- Dataset extract:
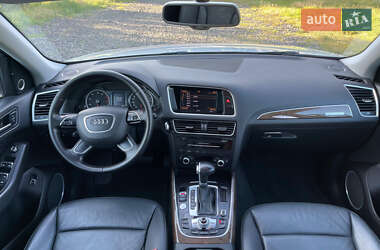 Позашляховик / Кросовер Audi Q5 2015 в 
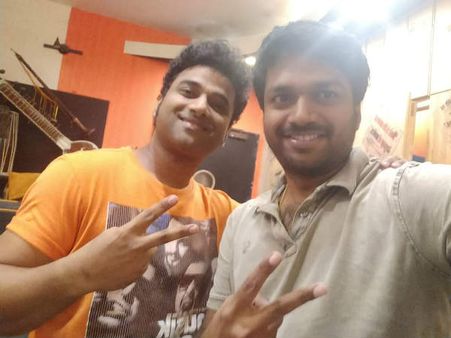 క్రేజీ మల్టీస్టారర్‌కు ముహూర్తం కుదిరింది.. దేవిశ్రీ రంగంలోకి దిగాడు!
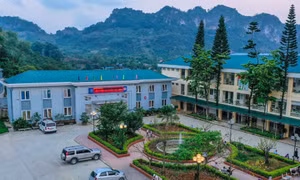 40 học sinh nhập viện sau bữa tối, nghi ngộ độc thực phẩm 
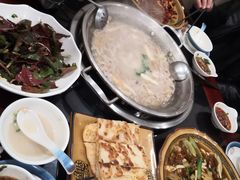 -老来福·非遗酸汤兔(凯旋路店)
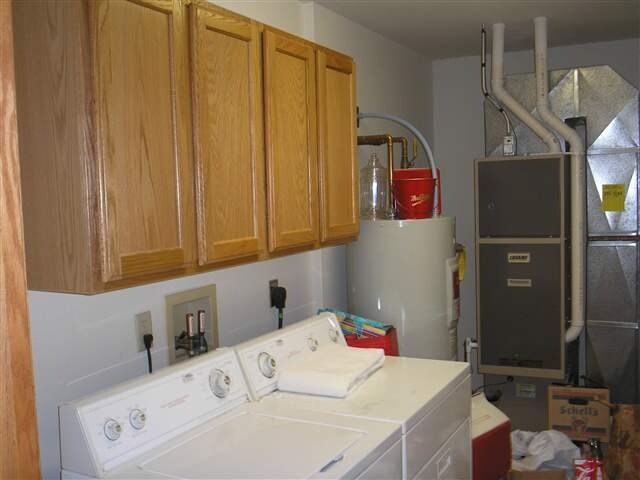  - 1158 Grand Ave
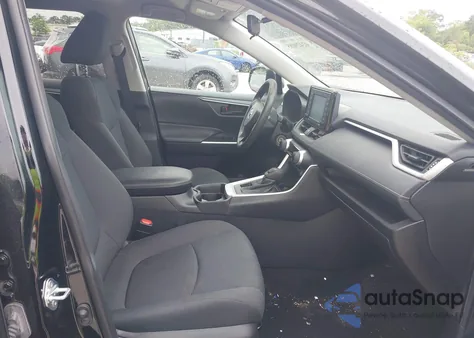 2021 Toyota Rav4 Le z USA, uszkodzony, nr VIN 2T3G1RFV6MC202282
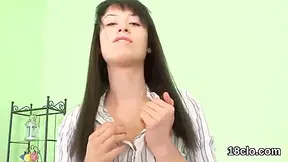 Ideal Chick Is Spreading Narrow Cunt In Closeup And Cli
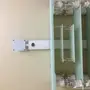 طاولة تلقاز ومعها رفوف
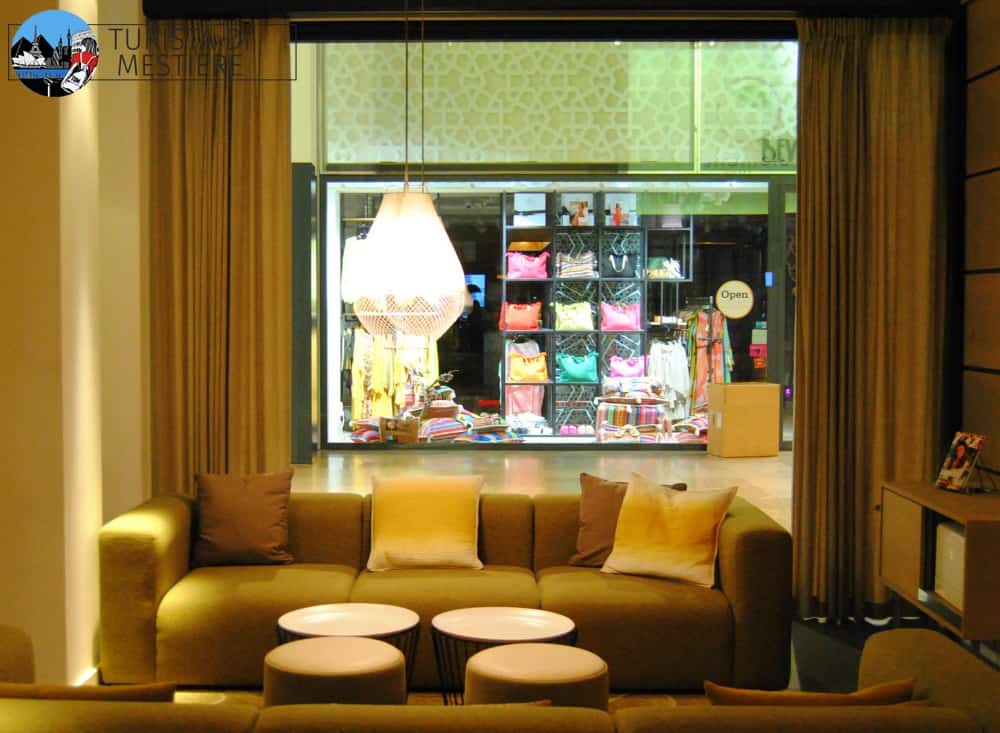 Divanetti nella lounge dell'Element Hotel Amsterdam che "affacciano" sul Marqt Gelderlandplein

- How to complete this task: Exactly restate the lines from the one holding "క్రేజీ మల్టీస్టారర్‌కు ముహూర్తం" to the final line of the records above, including both and excluding pictures.

- Task response:
 క్రేజీ మల్టీస్టారర్‌కు ముహూర్తం కుదిరింది.. దేవిశ్రీ రంగంలోకి దిగాడు!
 40 học sinh nhập viện sau bữa tối, nghi ngộ độc thực phẩm 
 -老来福·非遗酸汤兔(凯旋路店)
  - 1158 Grand Ave
 2021 Toyota Rav4 Le z USA, uszkodzony, nr VIN 2T3G1RFV6MC202282
 Ideal Chick Is Spreading Narrow Cunt In Closeup And Cli
 طاولة تلقاز ومعها رفوف
 Divanetti nella lounge dell'Element Hotel Amsterdam che "affacciano" sul Marqt Gelderlandplein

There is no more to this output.